Despite the Dutch name, Bobbie is Navajo and explained there are many mixed race families who live there, but you have to be married within a clan to reside in the valley. The ride was definitely four wheel drive terrain; through washes and up muddy inclines.  The towering rock faces did not disappoint – they looked as though they had been cut out by a carving knife; they were so sheer and flat with reds and maroon veins washing down the sides.  The floor is peppered with cottonwoods though they are not indigenous and the canyon should be populated by pinion and juniper much like the canyonlands.  

We quickly came across the petroglyph and paintings that were done in some cases a thousand years ago by the Pueblo tribes.  They are now Hopi and what the Navajo refer to as the Anasazi – the Ancient Ones.  

Kiva recessed in the cliffs

We stood witness to these ancient impressions that had survived the elements for centuries.  Then the ruins surfaced on the cliff sides – the kivas and food storage with more rock paintings protected by the sheer mesa cliffs. These dwellings are scattered throughout the canyon, most inaccessible except for the archeologists who frequent the area.  The canyon itself has worn away leaving the dwellings out of climbing distance.  The most accessible are the White House and Antelope ruins that are closer to the valley floor and fenced off to keep the usual miscreants from vandalizing the sites.  The White House ruins are named due to the white plaster that reflects the sun.  We noticed graffiti carved into the face of the ruins and upon closer inspection, one of the carvings was dated 1873!  So it was the earlier settlers defacing the ruins….

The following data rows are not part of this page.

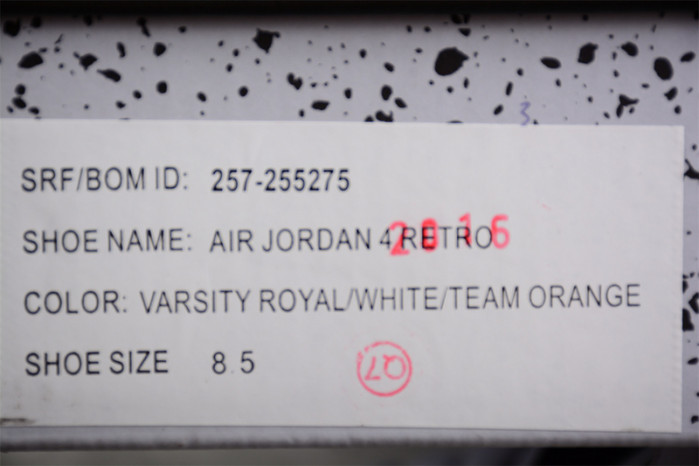 Air Jordan 4 PE
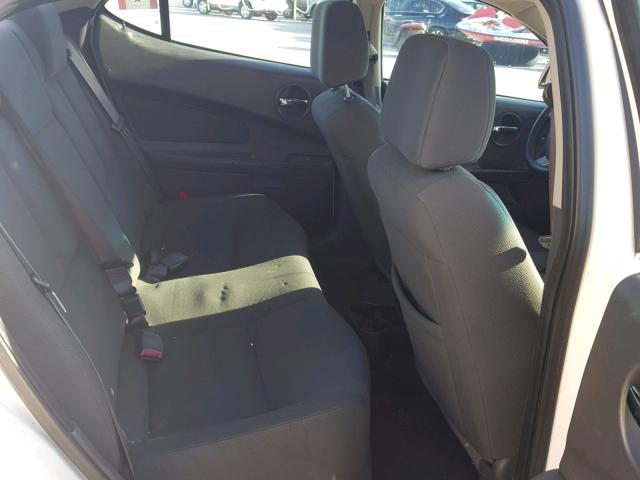 2G2WP522651258900 - 2005 PONTIAC GRAND PRIX თეთრი ფოტო 6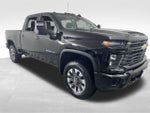2024 Chevrolet Silverado HD Custom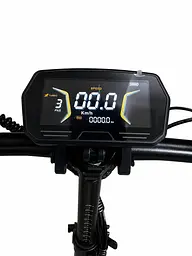 Електровелосипед складаний Cruzzer M8 (750W, 48V, 21Ah) - мініатюра 8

As we meandered our way through the mesa, I pondered the generations of seedlings now germinating, the shifting landscape providing glimpses into lifestyles still farmed by the Navajo in the same manner they have been doing for hundreds of years; wool still spun from weathered hands that tend the sheep.  The tribes could exist now as they had a millennia ago – clinging to the lost art of the land.  

The canyon remains a pristine outback not easily disabused by modernization – the vendor at the Antelope Ruins has no cell service and works on faith that you will Venmo her the money for the pottery you just bought. 

Stubborn to evolve or worried they could lose the thread of culture and place they have fought so hard to preserve?

A perfect day mingling with the ancients – under the same blue skies and mesas they embraced so long ago.